Showing 6 changed files with 371 additions and 121 deletions.
diff --git a/index.js b/index.js
@@ -1,6 +1,7 @@
 'use strict'
 
 var req = require('req-fast')
+var cheerio = require('cheerio')
 var util = require('util')
 var debug = require('debug')('read-art.main')
 var Article = require('./lib/article')
@@ -15,18 +16,40 @@ module.exports = read
  * 1: error
  * 2: article
  */
-function read (uri, options, callback) {
+function read () {
+  return handle.apply(null, arguments) // eslint-disable-line no-useless-call
+}
+
+/**
+ * Custom settings.
+ * @type {readArt.use}
+ */
+read.use = Article.use
+
+function handle (uri, options, callback) {
+  if (arguments.length === 0) {
+    return new Error('Incorrect arguments.')
+  }
   // organize parameters
   if ((typeof options === 'function') && !callback) {
     callback = options
   }
   if (options && typeof options === 'object') {
     options.uri = uri
-  } else if (typeof uri === 'string') {
+  } else if (typeof uri === 'string' || isCheerio(uri)) {
     options = { uri: uri }
   } else {
     options = uri
-    uri = options.uri || options.html
+  }
+
+  if (typeof options !== 'object') {
+    return new Error('options are required!')
+  }
+
+  uri = options.cheerio || options.html || options.uri
+
+  if ((typeof uri !== 'string' && !isCheerio(uri)) || !uri) {
+    return new Error('only accept cheerio, url or HTML as article content.')
   }
 
   options = util._extend({
@@ -52,12 +75,37 @@ function read (uri, options, callback) {
   if (isNaN(options.minParagraphs)) {
     options.minParagraphs = 3
   }
-
+  if (typeof callback !== 'function') {
+    callback = false
+  }
+  // indicating whether uri is a cheerio object or not.

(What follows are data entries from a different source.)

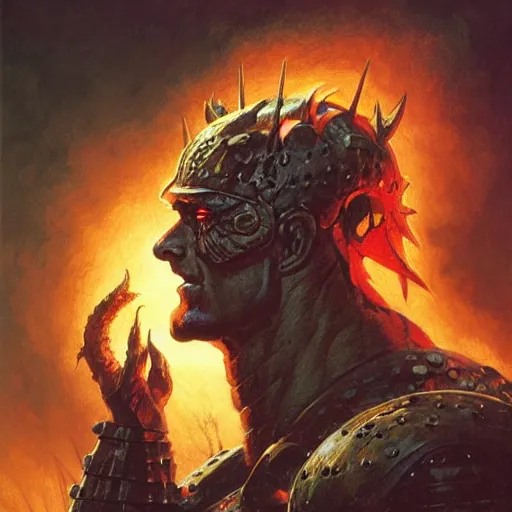 Image similar to head and shoulders portrait of an armored fire giant, d & d, fantasy, greg rutkowski, frank frazetta, alexandre chaudret, boris vallejo, michael whelan, miro petrov, magali villeneuve, donato giancola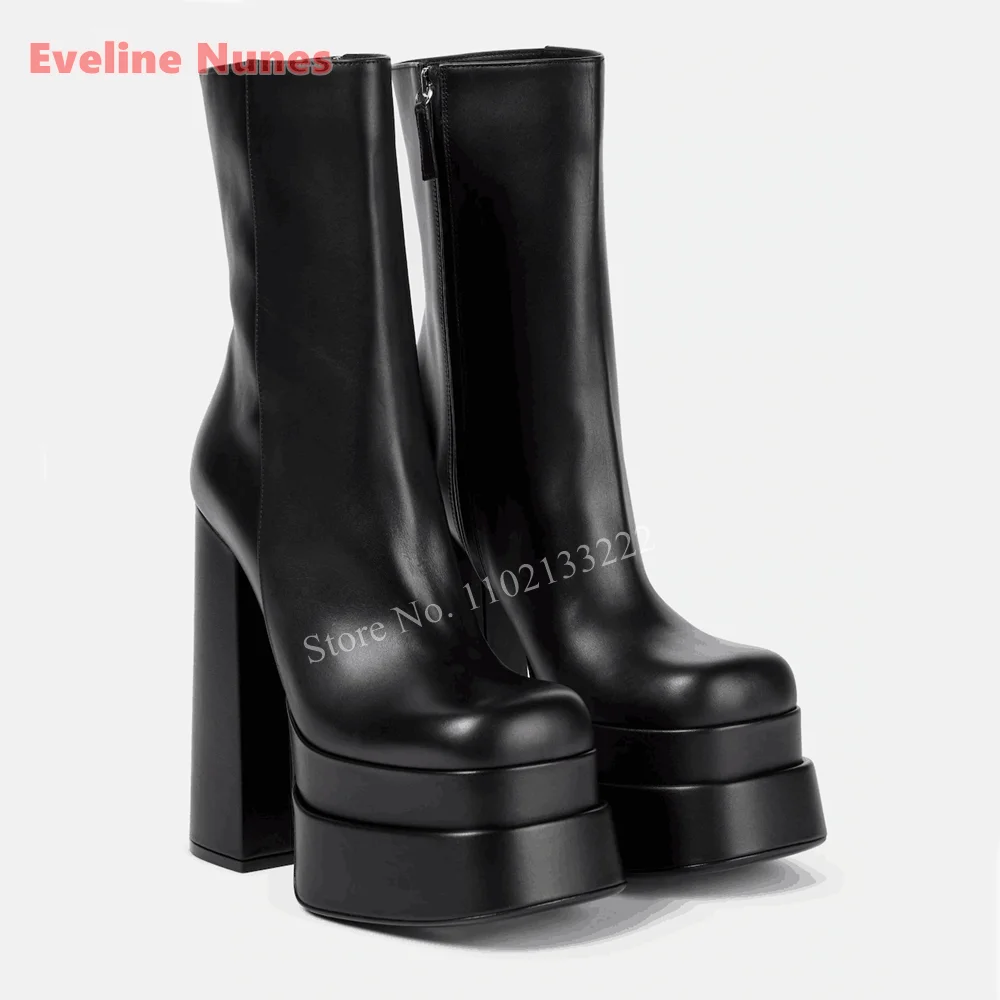 2024 Black Leather Platform Ankle Boots News Simple Women\'s Side Zipper Chunky High Heel Round Toe Night Club Anti-slip Shoes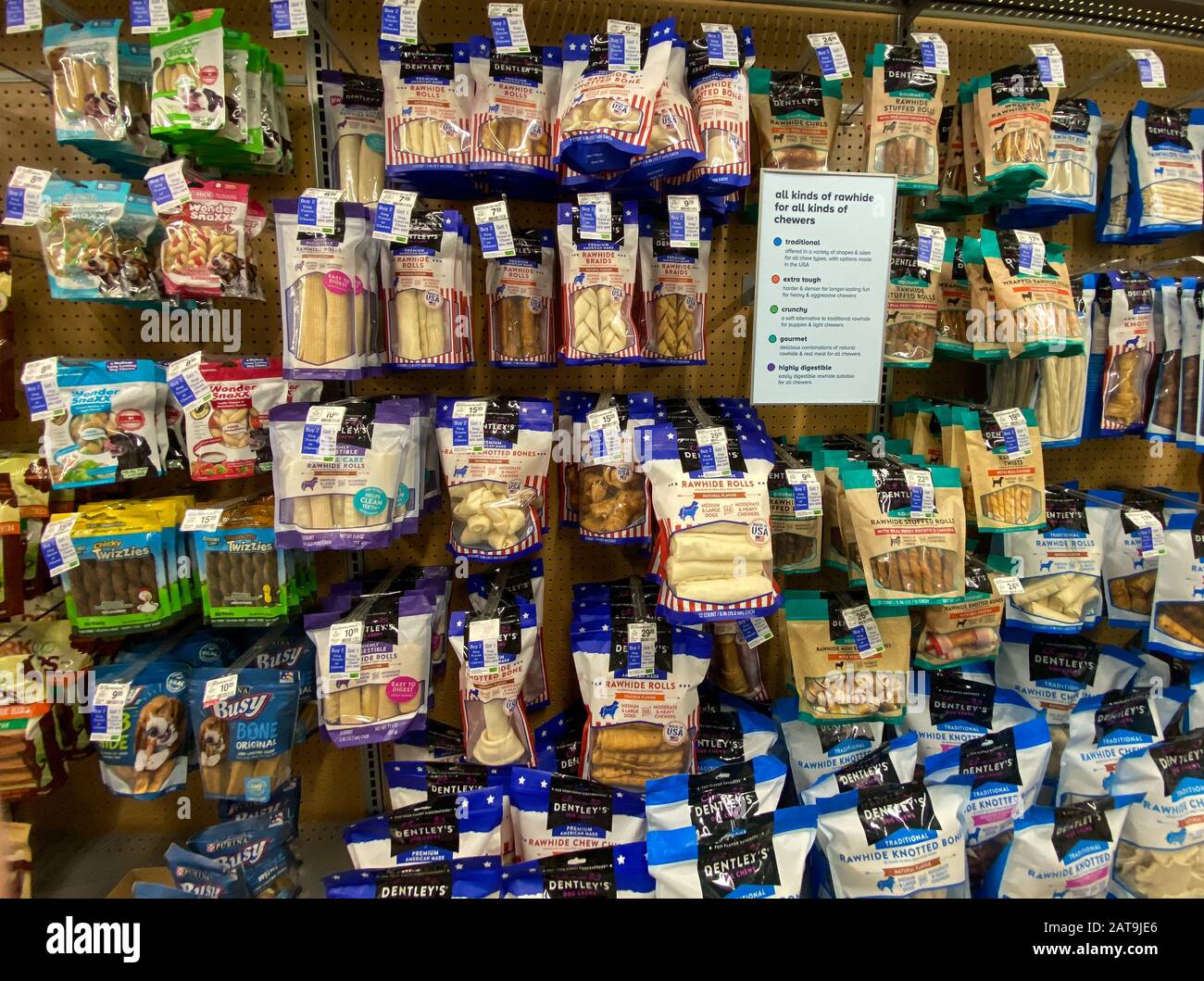 Orlando, FL/USA1/29/20 A display of pet treats for sale at a Petsmart Superstore ready for pet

+  if (typeof uri !== 'string') {
+    if (isCheerio(uri)) {
+      if (!isHtml(options.html)) {
+        delete options.html
+      }
+      if (isHtml(options.uri)) {
+        if (!options.html) {
+          options.html = options.uri
+        }
+        delete options.uri
+      }
+      options.cheerio = uri
+      return parse({
+        cheerio: uri,
+        options: options,
+        callback: callback
+      })
+    }
+    var err = new Error('only accept cheerio, url or HTML as article content.')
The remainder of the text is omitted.